→ **WORK TASK**
Every record below, from first to last, should be copied exactly; leave the pictures out.

→ **Items listed in a dataset**
>>
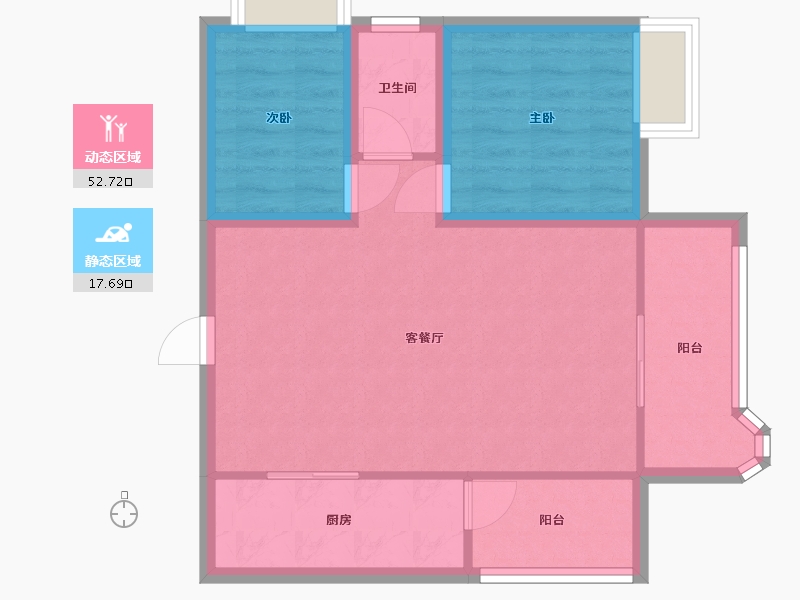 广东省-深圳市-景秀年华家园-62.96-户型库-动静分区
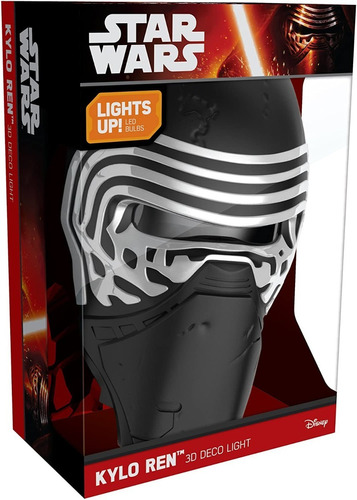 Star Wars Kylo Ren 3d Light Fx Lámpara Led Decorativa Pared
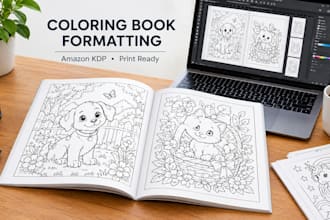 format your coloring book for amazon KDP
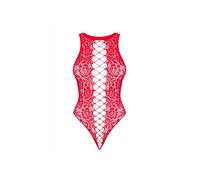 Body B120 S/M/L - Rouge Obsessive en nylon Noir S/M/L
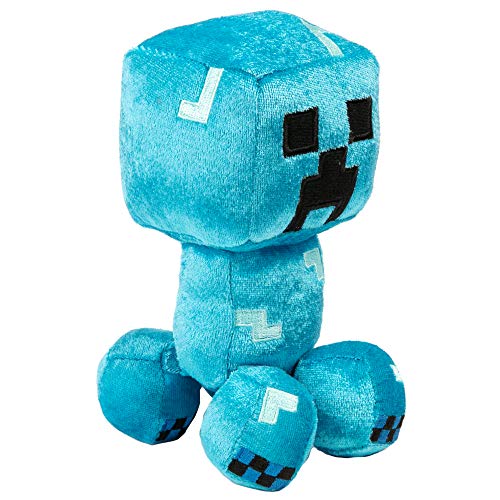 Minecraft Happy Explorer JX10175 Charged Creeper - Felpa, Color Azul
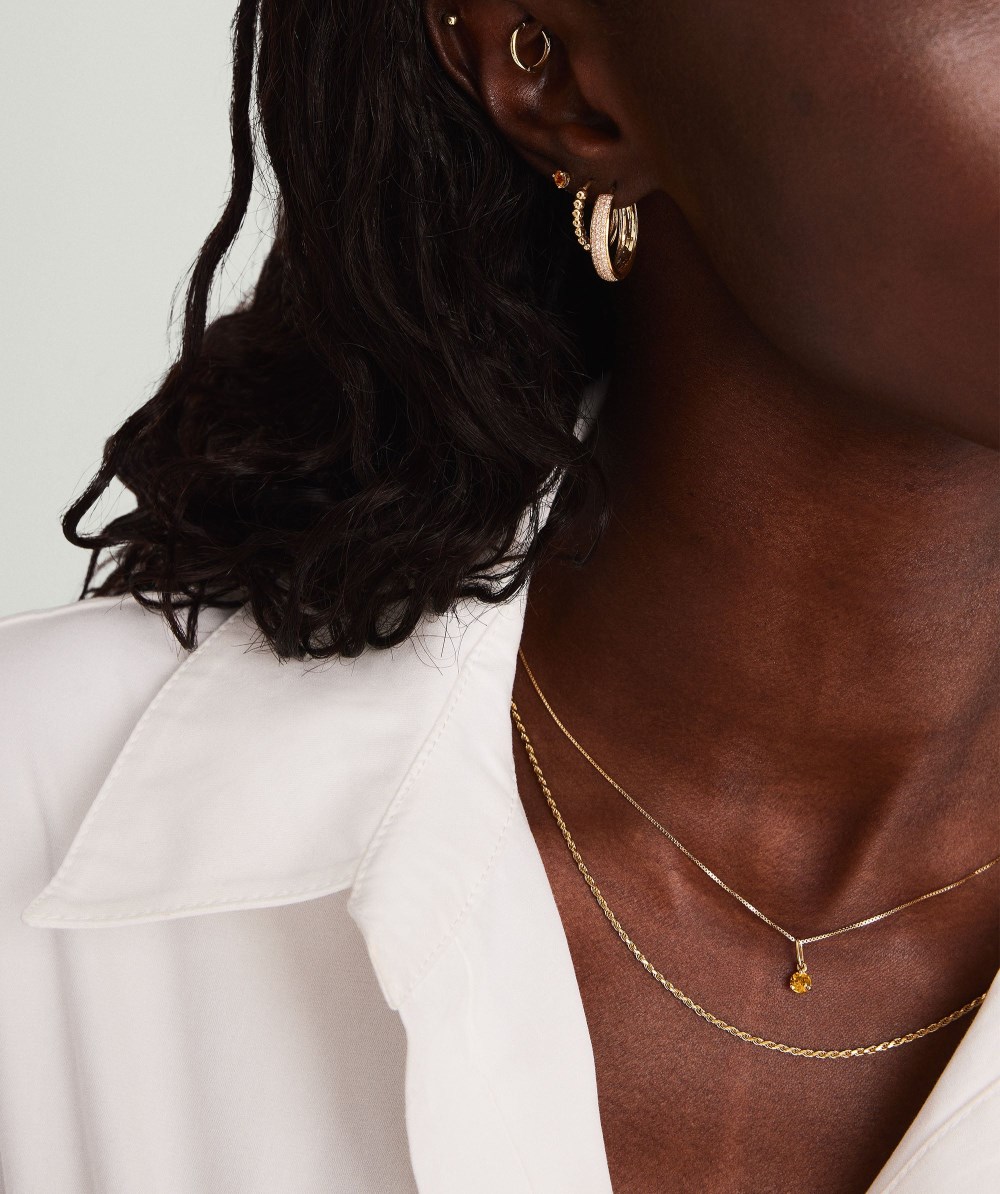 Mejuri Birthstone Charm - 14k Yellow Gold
<<
→ **OUTPUT BELOW**
 广东省-深圳市-景秀年华家园-62.96-户型库-动静分区
 Star Wars Kylo Ren 3d Light Fx Lámpara Led Decorativa Pared
 format your coloring book for amazon KDP
 Body B120 S/M/L - Rouge Obsessive en nylon Noir S/M/L
 Minecraft Happy Explorer JX10175 Charged Creeper - Felpa, Color Azul
 Mejuri Birthstone Charm - 14k Yellow Gold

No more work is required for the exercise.